The FINANCIAL — Predicting the future is dangerously easy. Getting it right is dangerously hard. In the late 1980’s a smart young man discovered a way to predict the future price of any stock. He began to send his weekly predictions to thousands people over e-mail, establishing his credibility as an brilliant analyst. After three or four predictions, he would start charging for his weekly stock tips, and people from all over the world were happy to pay for this valuable information. After all, several hundred dollars a week was a low price pay for accurate stock price predictions.
This smart young man was ultimately labeled a con man instead of a genius. His approach was simple. The young con artist took a list of 80,000 email addresses and split this list in half. He then picked a stock with high price volatility and told the first 40,000 people the stock would go up in value. At the same time, he told the second group of 40,000 that the stock price would drop. The second week, he split the list of people who received the correct prediction again in half. He picked another volatile stock and again sent opposite predictions to each new list of 20,000 people. By the end of four weeks our con artist had a group of 5,000 people convinced he was a Wall Street Wizard, and he started charging hundreds of dollars a week for his advice.
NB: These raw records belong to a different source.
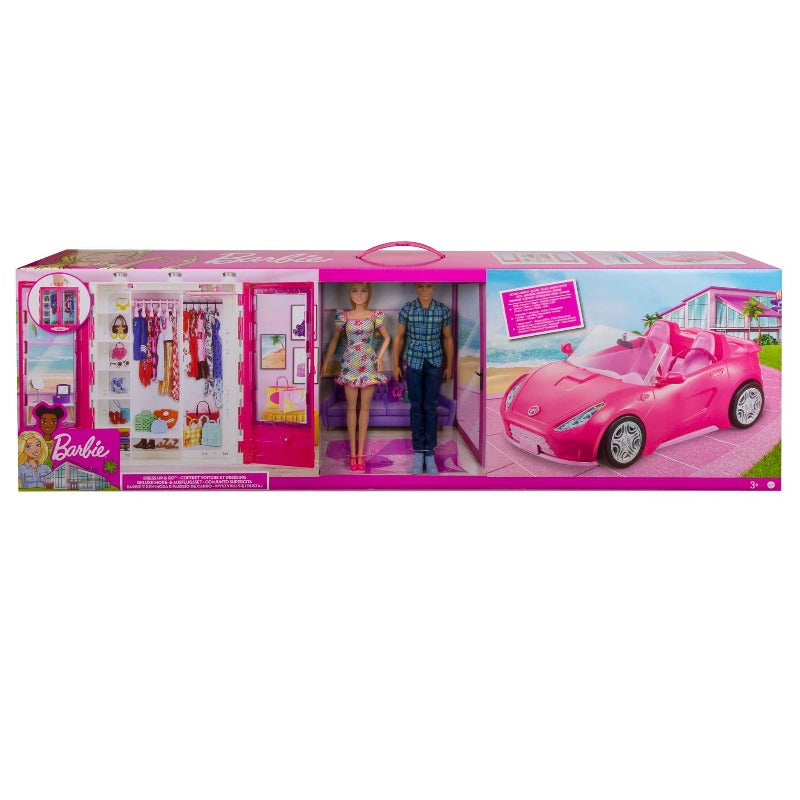 Bambole Barbie e Ken, Maxi set che include Bambole, Macchina e Armadio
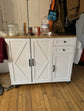 Rolling Kitchen Island On Wheels with Drop Leaf Countertop 2 Drawer Towel Rack and Spice Rack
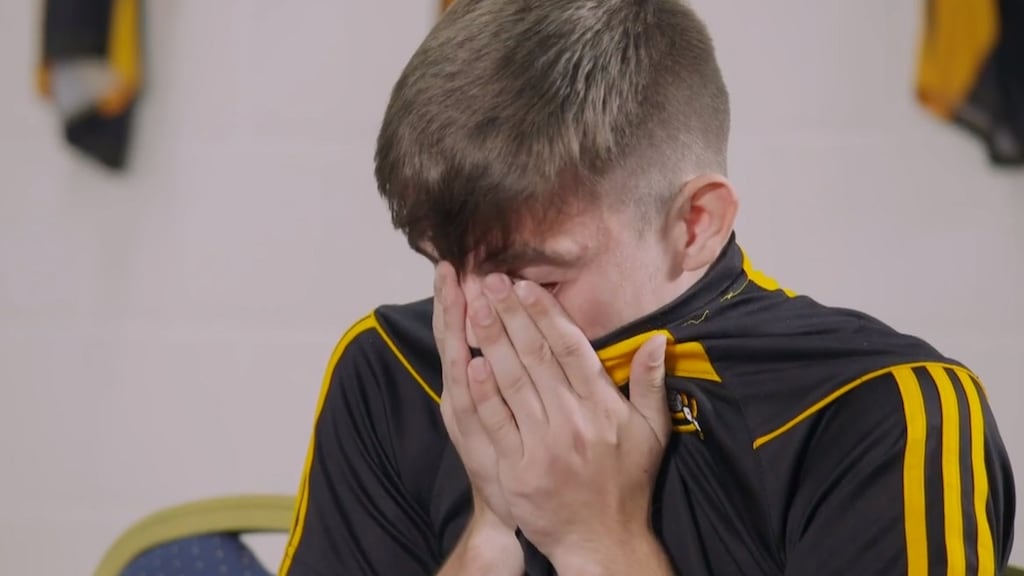 Kilkenny man Steven Scallan shows the Underdogs selectors what it meant to him to be involved in the squad. Photograph: TG4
As humans, we love to believe that people can predict the future. The fact that we can even conceive of the future as a concept sets us far ahead of any other animal on earth. However, it turns out that we are actually much worse at predicting the future than we realize. Our confidence in our ability to predict the future far outweighs our actual ability to do so.
In a previous career, I was part of the senior management team of an 8000 person consulting company. Every year, like managers in many well-run companies, we would lock ourselves away in some fancy retreat and develop our 1, 3 and 5 year plans for growth. Then, like clockwork, our company would grow very close to the predicted numbers. We all enjoyed the accolades and monetary bonuses for our great predictions and exceptional leadership. The one problem with our success is that we were rarely ever correct in the details of our actual predictions. Our revenue growth came from places that we never imagined during our planning sessions.
In reality, we were terrible at predicting how we were going to grow. Thankfully, we were pretty good at adjusting direction in the heat of battle, and we always managed to deliver the promised revenue and profit. Because we “hit our numbers” no one (including us) ever looked backward at our predictions to verify that they actually came true. We all just patted ourselves on the back and moved on to the next yearly planning meeting.
When I looked back at these meeting notes years later, I was surprised at how incorrect our predictions actually were. But even more disturbing than my personally incorrect predictions was my own personal revisionist memory. My review taught me that my mind adjusted its memory of what we predicted to better match what actually happened. My psyche had spared itself the psychological discomfort of admitting it was wrong.
After sharing this disturbing insight with several colleagues and a social psychologist, it turned out my revisionist approach to history was quite common for people in business. The danger is that this adjusted memory convinces us we are good at predicting the future, when are actually quite bad at it. The resulting decisions made based on confident, incorrect predictions of the future create chaos in companies and governments around the world.
Software engineering projects are a great example of the damage too much confidence in future predictions. A traditional software engineering approach is called the waterfall method. This approach has been used for decades and closely mirrors how most companies run. Experts lock themselves away from the world for weeks or months and design exactly how the software application should function. Then the development team will build the software program as envisioned by the designers.
The problems start when the program is released to the world. Even when the software works as designed more often than not the design does not meet the actual business need the program was envisioned to solve. Quite often this newly released software requires a tremendous amount of re-work, just to function. Occasionally, the designers missed the goal so much it is less expensive to just throw the program away, and rebuild the application from scratch. The Waterfall development approach fails because it requires the designers to accurately predict small details in the future which is almost impossible to do.
In the mid 90’s software engineers decided there must be a better way to organize development projects. They accepted the fact that designers were terrible at predicting what was actually needed and would never be able to give the developers an accurate detailed design. These brilliant pioneers set out to create a project framework that could successfully deliver software in the midst of ever changing design specification. In early 2000, this approach became known as the Agile Development Methodology. This new way of designing software was based on a management system that allowed the software development team to easily adapt to change. As the team’s knowledge grew, the design changed naturally and the final product was relevant to the actual need. This new approach to software project management worked very, very well.
These same Agile Development ideas can be applied equally well to general business. There is tremendous opportunity in Georgia today. If you are one of the bold entrepreneurs who are setting out to build a company, consider building it with the capability to meet the unpredictable demands of a changing market. Don’t rely on anyone’s ability to accurately predict the future – even your own. When you build an organization that can adapt to change, then unexpected change becomes your friend and you can harness it to your own competitive advantage. Planning for the future is good, but being adaptable to tomorrow’s reality is even better.